Give the data below again exactly as written, without its pictures.

## EXERCISE DATA

-=-=-

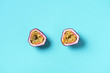 © jchizhe - Yellow maracuya on blue background. Top view. Copy space. Passion fruit. Creative design banner. Summer time. Tropical travel, exotic fruit. Vegan and vegetarian concept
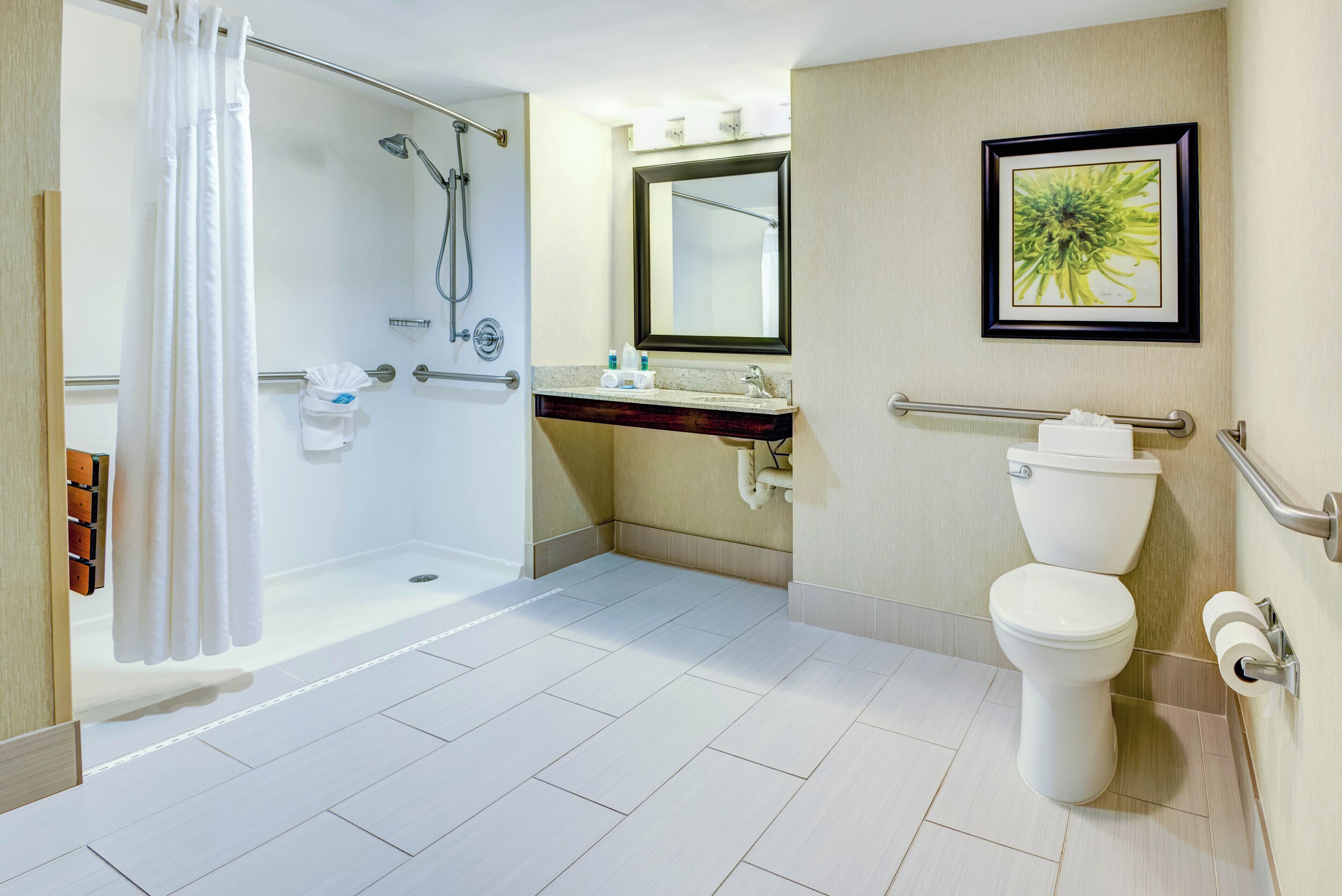 A modern bathroom with a walk-in shower, a toilet, and a sink.
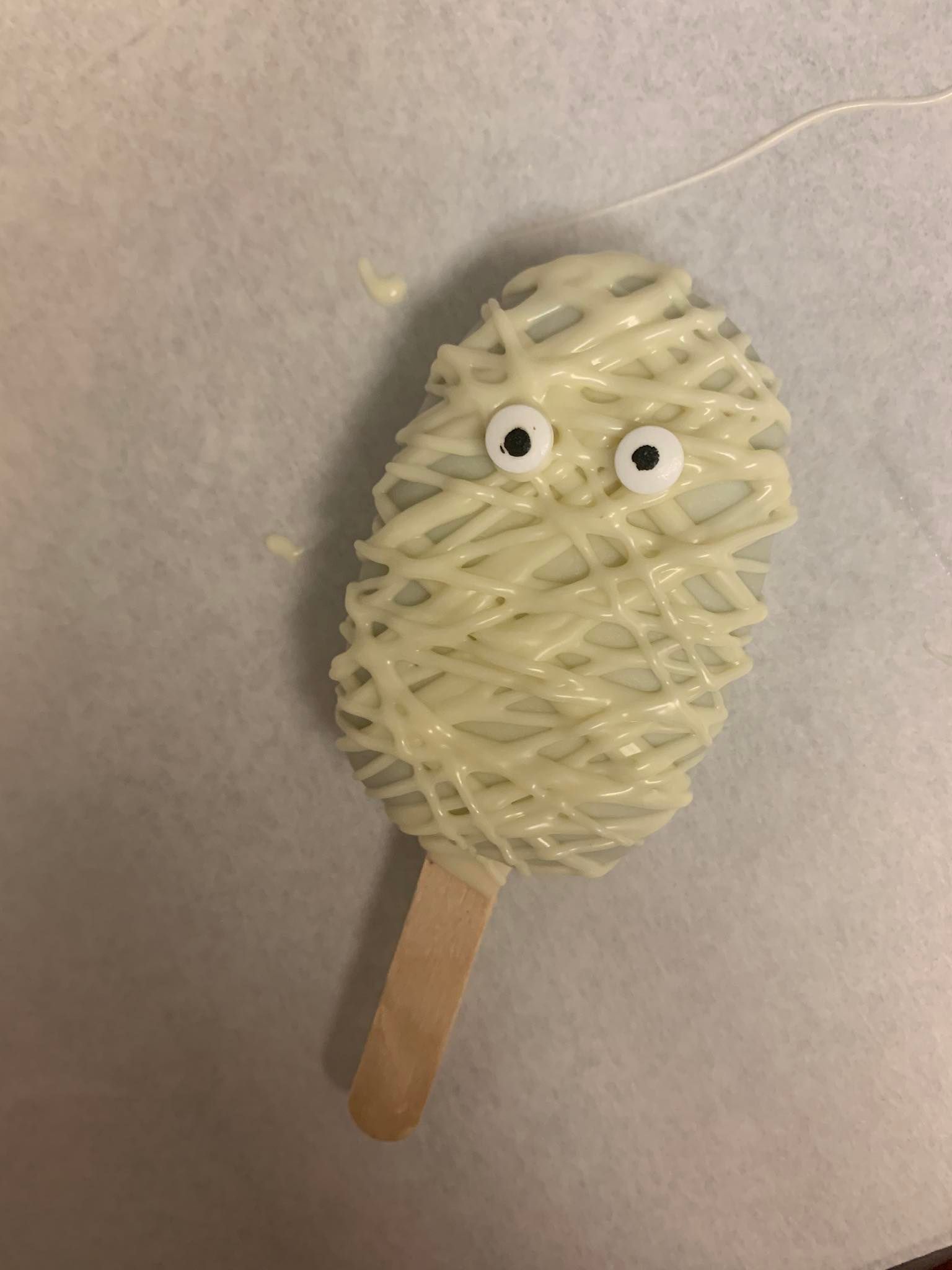 White chocolate-covered mummy popsicle with candy eyes on a light-colored surface.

-=-=-

## OUTPUT OF THE EXERCISE
 © jchizhe - Yellow maracuya on blue background. Top view. Copy space. Passion fruit. Creative design banner. Summer time. Tropical travel, exotic fruit. Vegan and vegetarian concept
 A modern bathroom with a walk-in shower, a toilet, and a sink.
 White chocolate-covered mummy popsicle with candy eyes on a light-colored surface.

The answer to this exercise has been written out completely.